Recorded data
▼
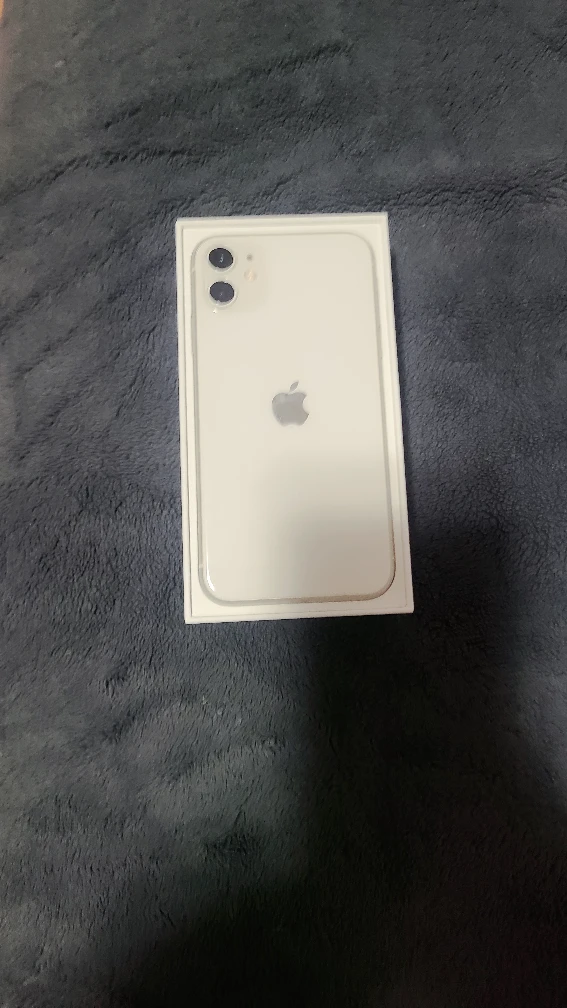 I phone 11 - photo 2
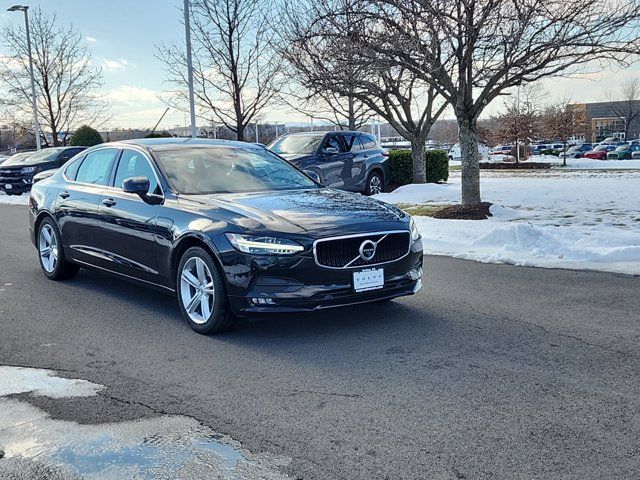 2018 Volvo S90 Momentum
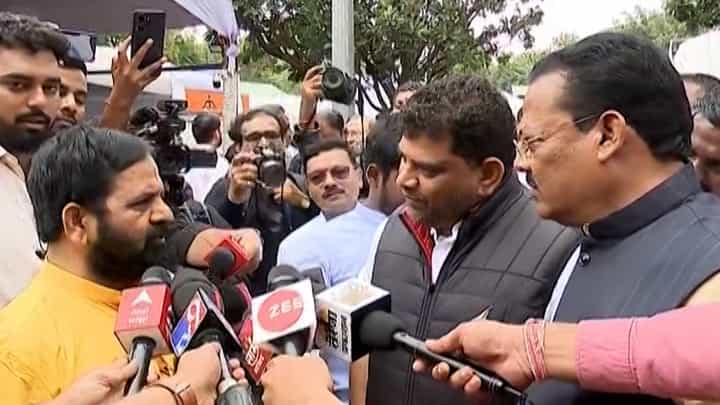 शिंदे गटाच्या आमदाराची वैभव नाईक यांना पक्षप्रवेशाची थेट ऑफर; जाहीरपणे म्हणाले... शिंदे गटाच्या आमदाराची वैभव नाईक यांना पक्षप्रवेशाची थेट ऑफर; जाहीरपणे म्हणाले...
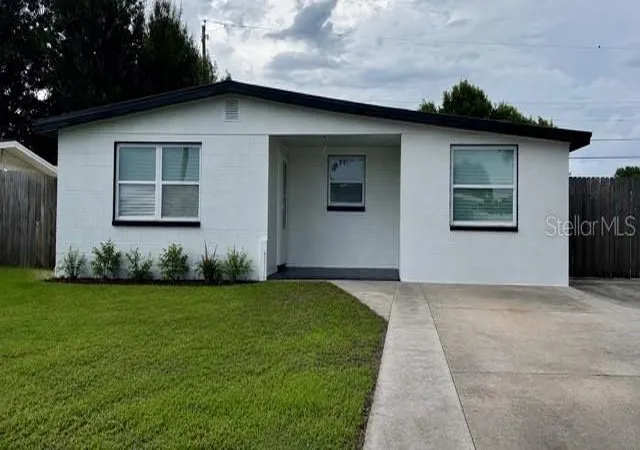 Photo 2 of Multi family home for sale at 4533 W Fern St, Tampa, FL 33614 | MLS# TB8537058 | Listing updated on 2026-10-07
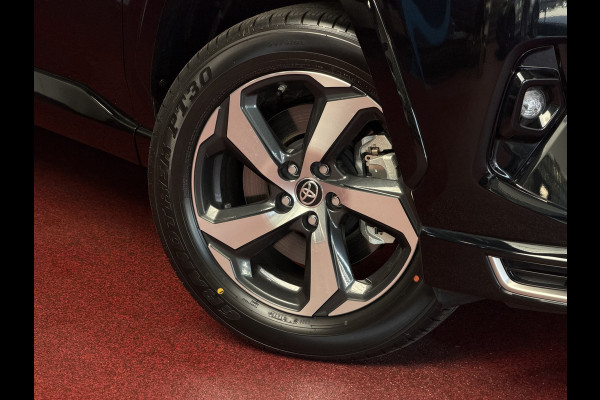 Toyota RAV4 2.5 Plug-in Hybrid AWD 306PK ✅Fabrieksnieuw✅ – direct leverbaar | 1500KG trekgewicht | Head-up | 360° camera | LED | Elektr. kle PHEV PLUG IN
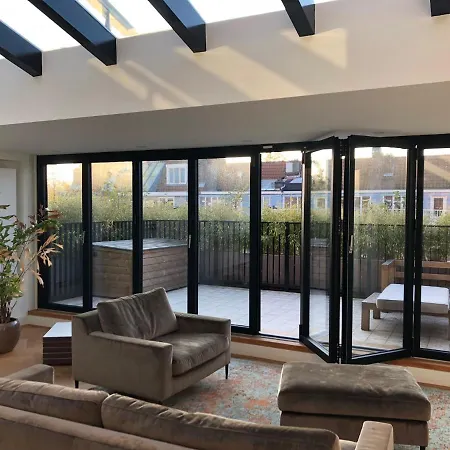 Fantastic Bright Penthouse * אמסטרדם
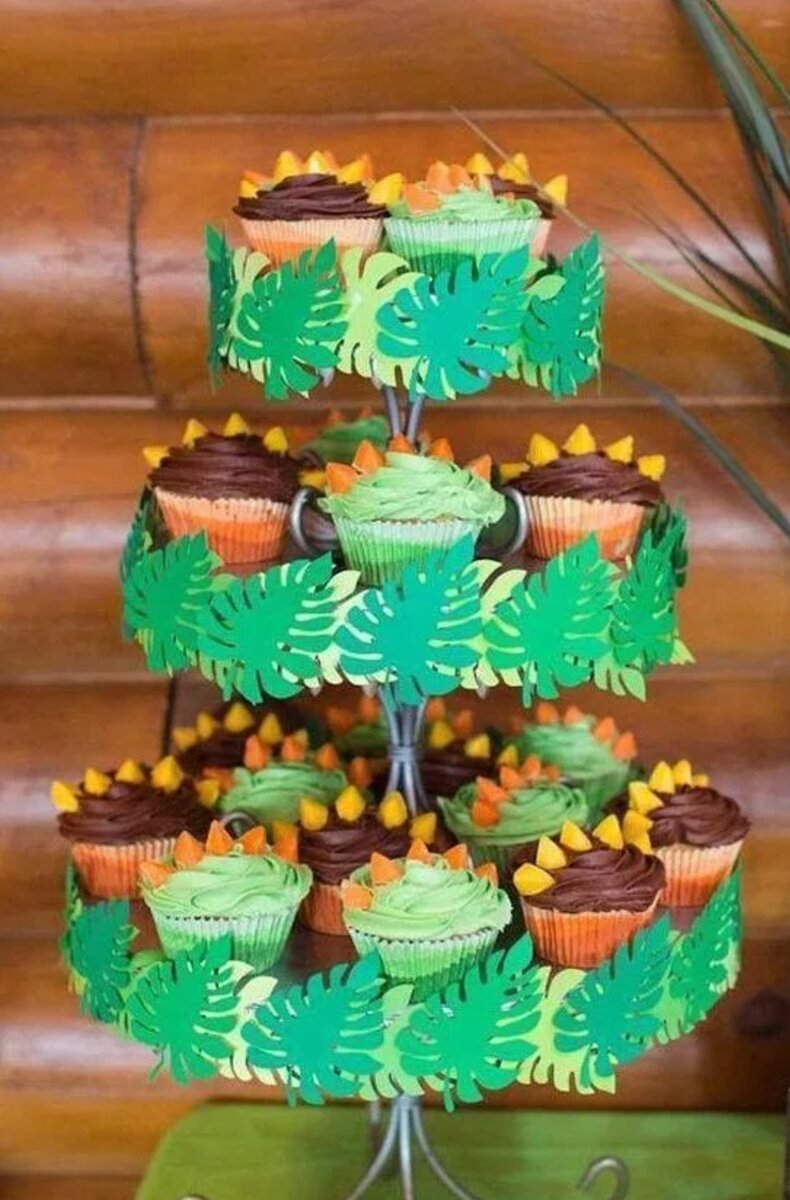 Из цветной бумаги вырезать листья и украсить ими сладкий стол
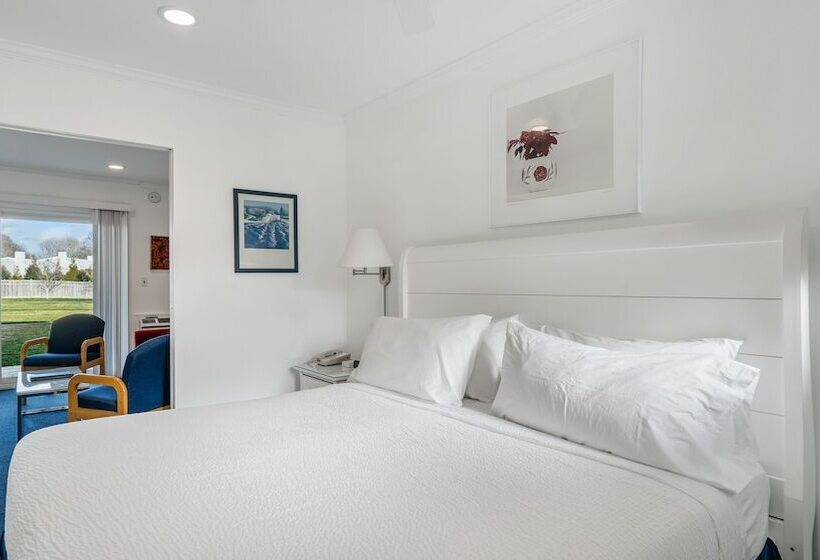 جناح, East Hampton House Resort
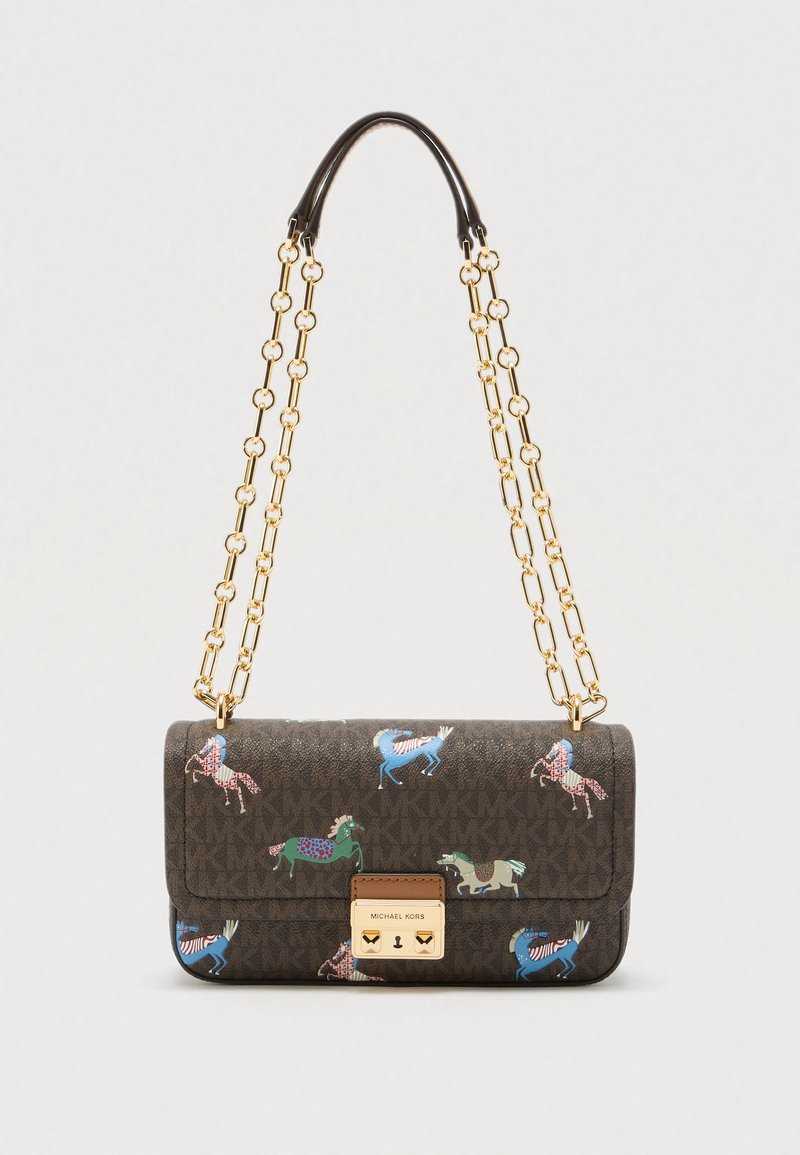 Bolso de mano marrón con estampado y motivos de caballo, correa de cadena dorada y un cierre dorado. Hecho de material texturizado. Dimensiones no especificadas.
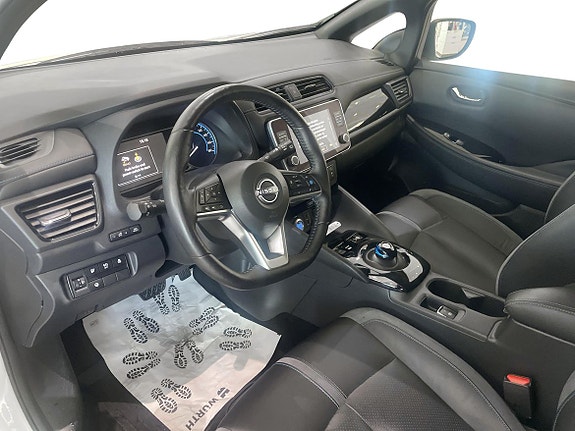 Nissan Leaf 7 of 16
▲
### What is expected
Write the lines out again exactly, beginning at the one containing "جناح, East Hampton House Resort" and ending with the last line of the entries, but without any pictures.

### Exercise answer
 جناح, East Hampton House Resort
 Bolso de mano marrón con estampado y motivos de caballo, correa de cadena dorada y un cierre dorado. Hecho de material texturizado. Dimensiones no especificadas.
 Nissan Leaf 7 of 16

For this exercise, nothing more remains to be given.